- Exercise prompt
Using the records below, return exactly the lines from the one containing "1513 Palomino Trl, Angleton, TX 77515" through the last, and omit pictures.

- Records shown

+++

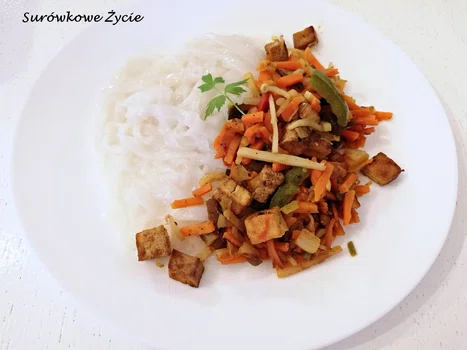 Potrawka chińska z tofu i makaronem ryżowym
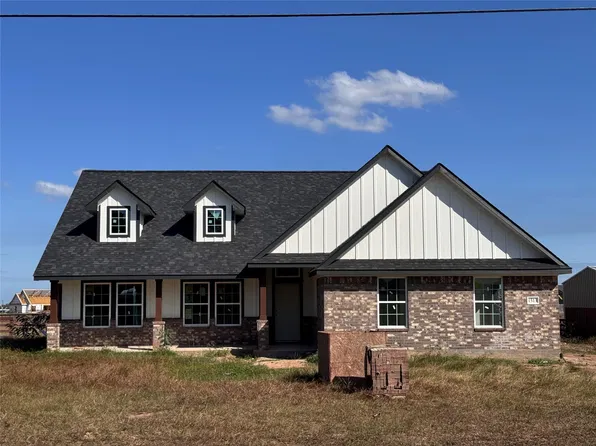 1513 Palomino Trl, Angleton, TX 77515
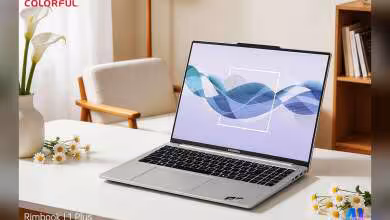 Laptop COLORFUL Rimbook L1 Plus posé sur une table, écran allumé, design fin argenté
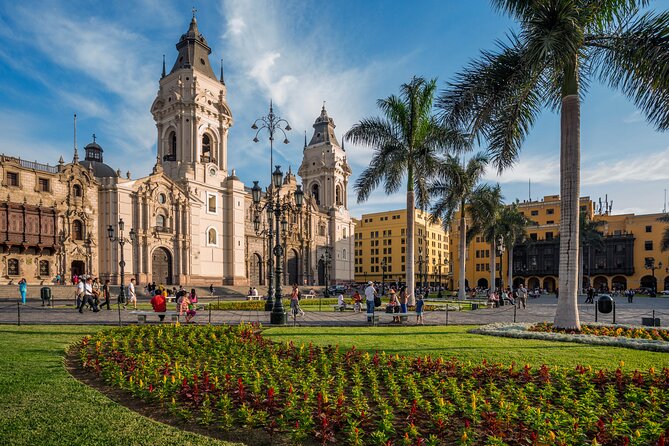 Lima's Vibrant Heritage: Exploring the City's Landmarks Half-day - Seeing Huaca Pucllana from modern San Isidro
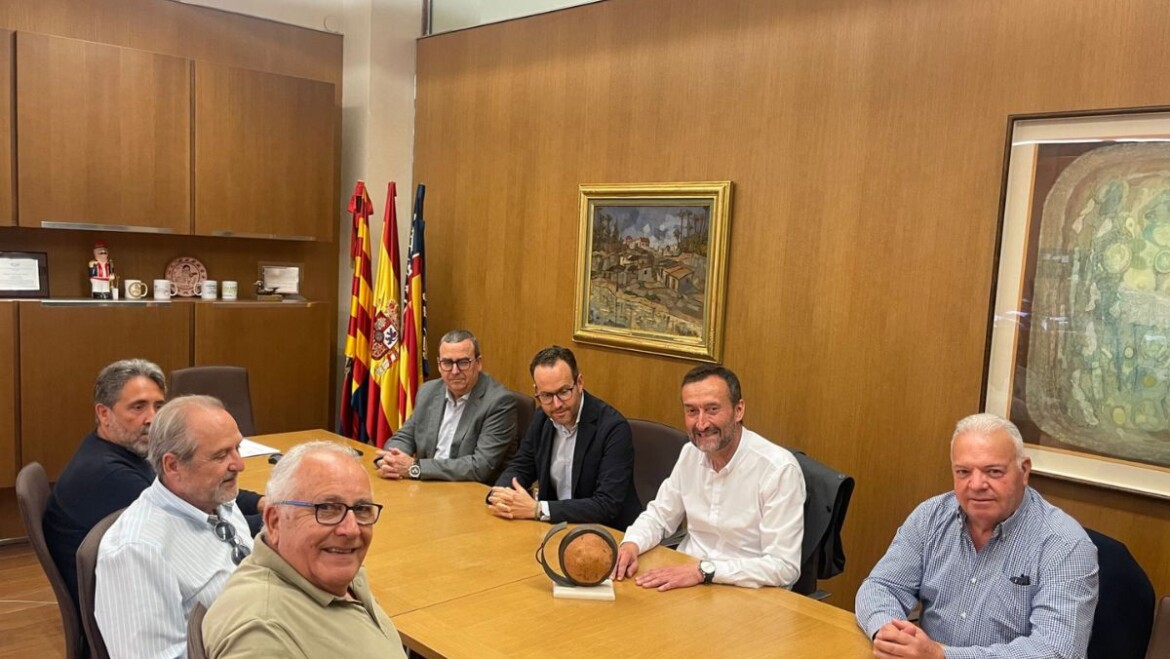 El Ayuntamiento de Elche rendirá homenaje al arroz con costra con una escultura en la ciudad para promocionar este plato típico ilicitano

+++

- Exercise response
 1513 Palomino Trl, Angleton, TX 77515
 Laptop COLORFUL Rimbook L1 Plus posé sur une table, écran allumé, design fin argenté
 Lima's Vibrant Heritage: Exploring the City's Landmarks Half-day - Seeing Huaca Pucllana from modern San Isidro
 El Ayuntamiento de Elche rendirá homenaje al arroz con costra con una escultura en la ciudad para promocionar este plato típico ilicitano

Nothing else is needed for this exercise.